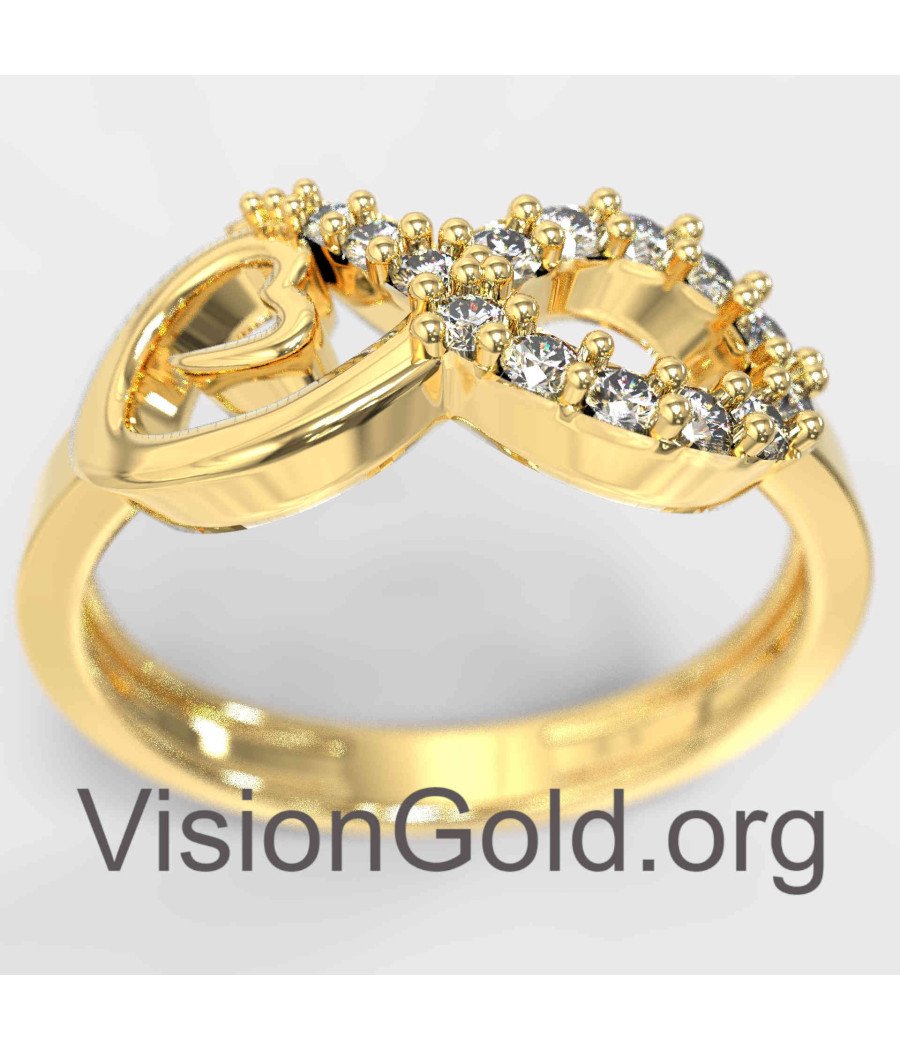 Frauen Infinity Herz Ring in Gelbgold 1340K Gelbgold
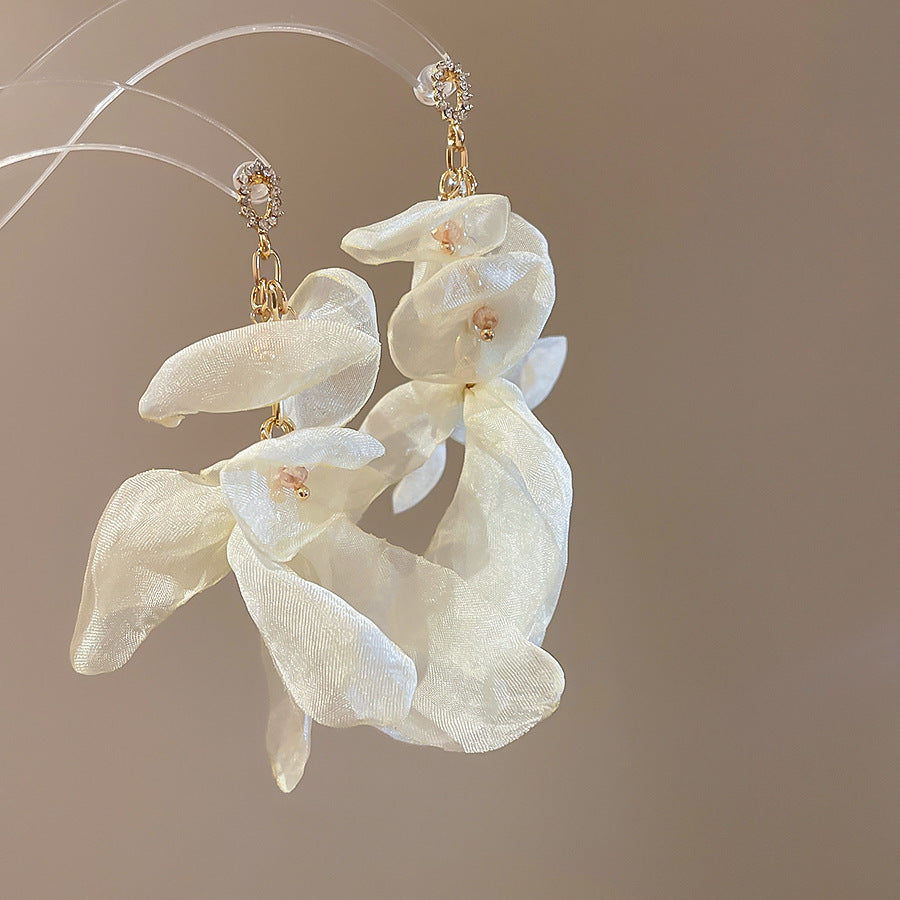French Shell Circle Pearl Hoop Earrings - view 4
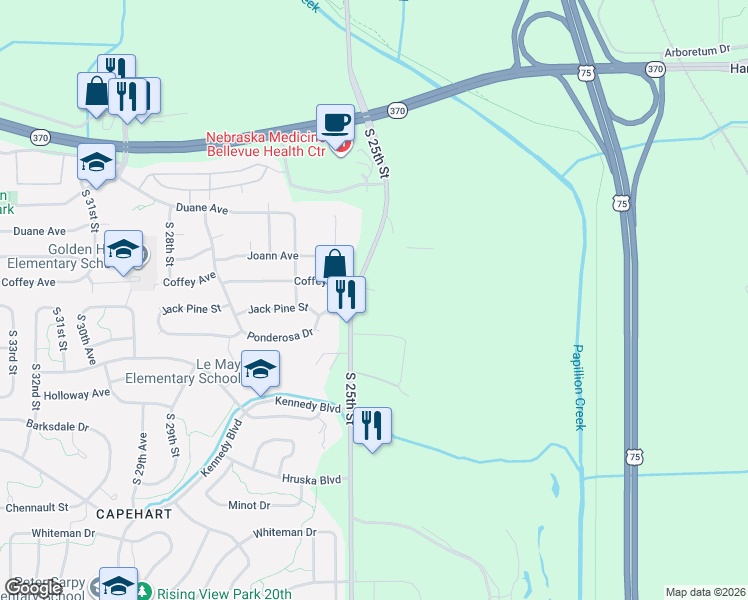 map of restaurants, bars, coffee shops, grocery stores, and more near 11837 South 25th Street in Bellevue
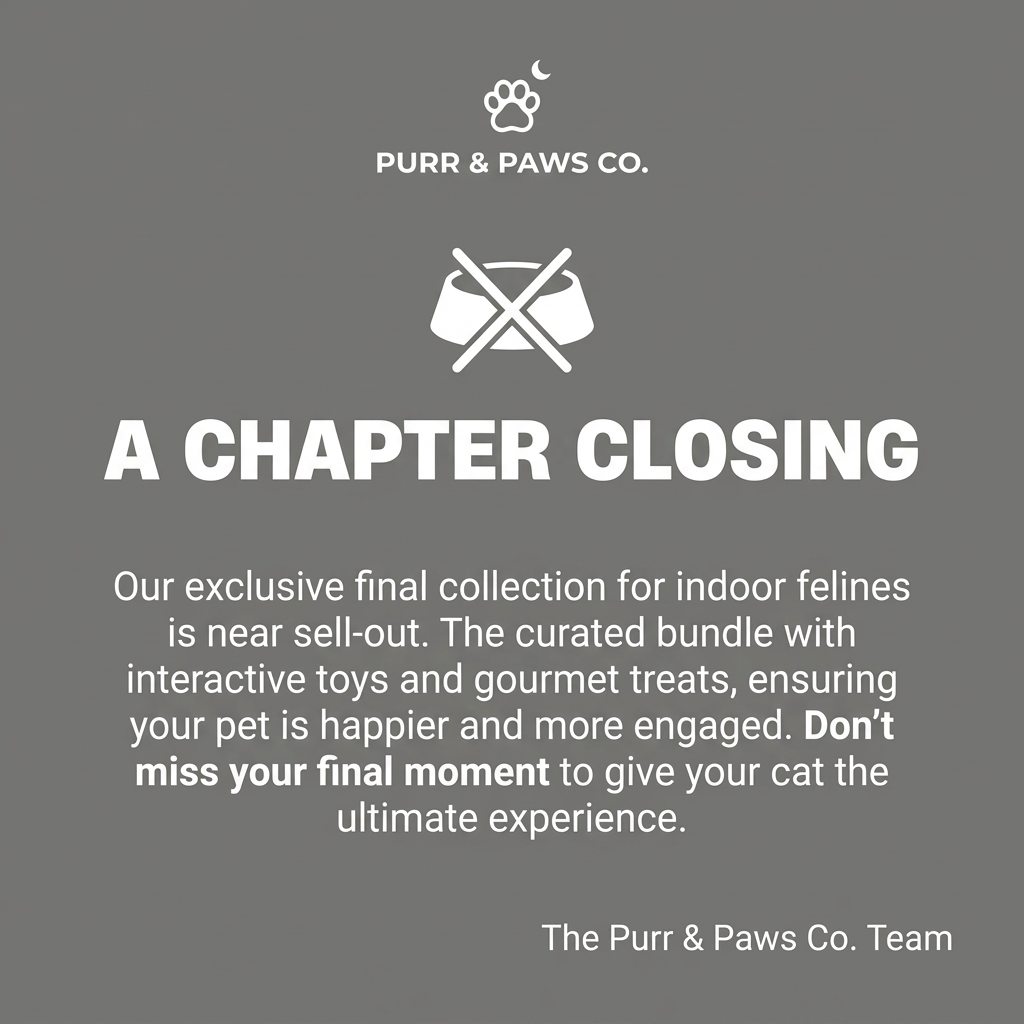Grey text-only ad with a crossed-out pet bowl icon, an A Chapter Closing headline and a short letter about a cat bundle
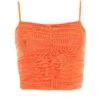 Orange Mesh Ruched Crop Top -Outlet Clothyne Store 00100038067 ZM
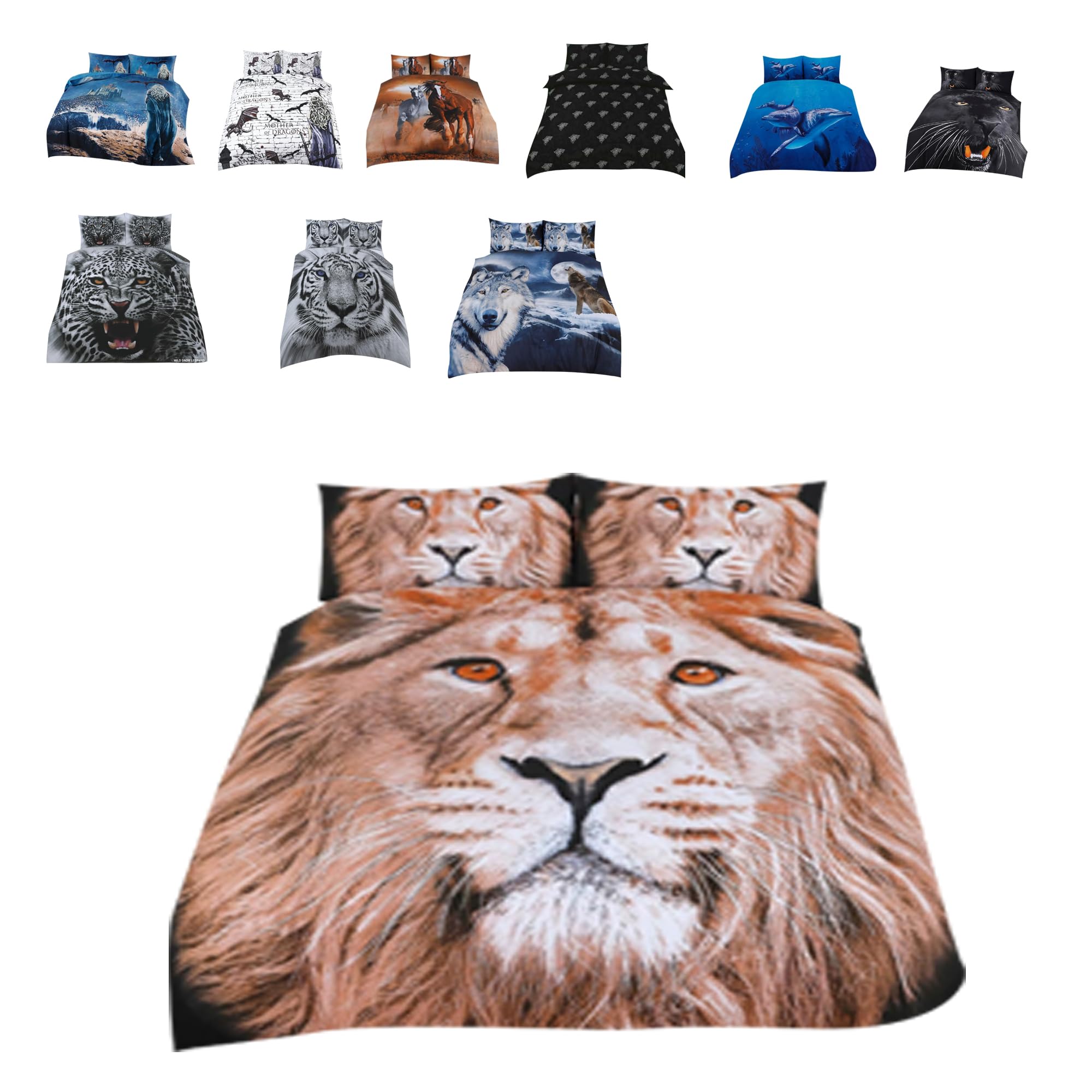 Northern Luxe 3D Animal Print Duvet Cover with Pillowcases, Soft and Breathable Quilt Set, Premium Quality Natural Cotton, Reversible Cozy Comfort with Vibrant Design (Double, Lion)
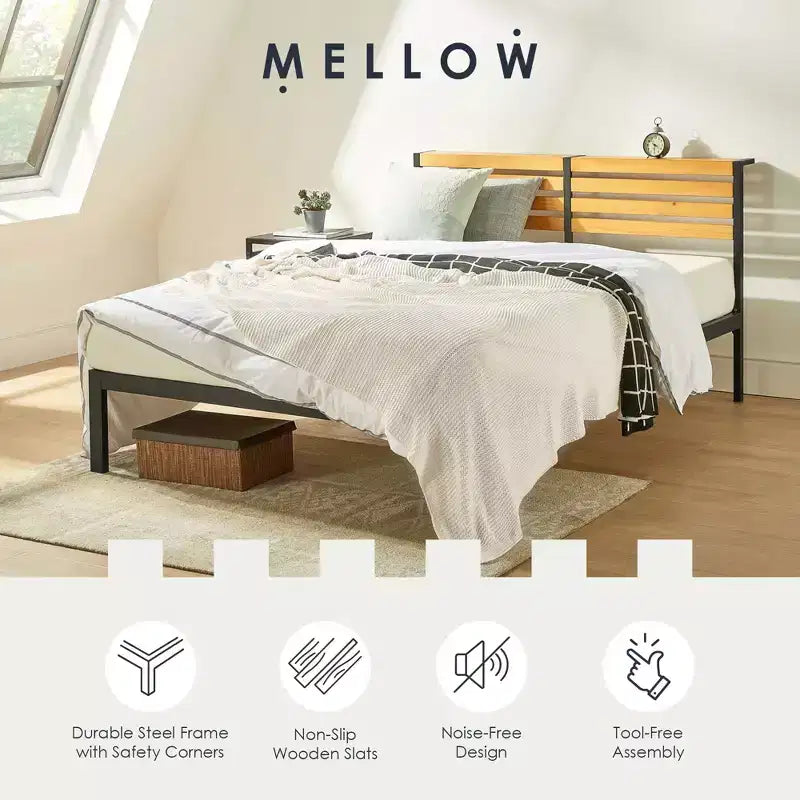 Metal & Wood Platform Bed Frame with Built-In Headboard Shelf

= = = =

Using the records above, return verbatim only the part that opens with the line containing "French Shell Circle" and closes with the line containing "Orange Mesh Ruched"; pictures stay out.

French Shell Circle Pearl Hoop Earrings - view 4
 map of restaurants, bars, coffee shops, grocery stores, and more near 11837 South 25th Street in Bellevue
Grey text-only ad with a crossed-out pet bowl icon, an A Chapter Closing headline and a short letter about a cat bundle
 Orange Mesh Ruched Crop Top -Outlet Clothyne Store 00100038067 ZM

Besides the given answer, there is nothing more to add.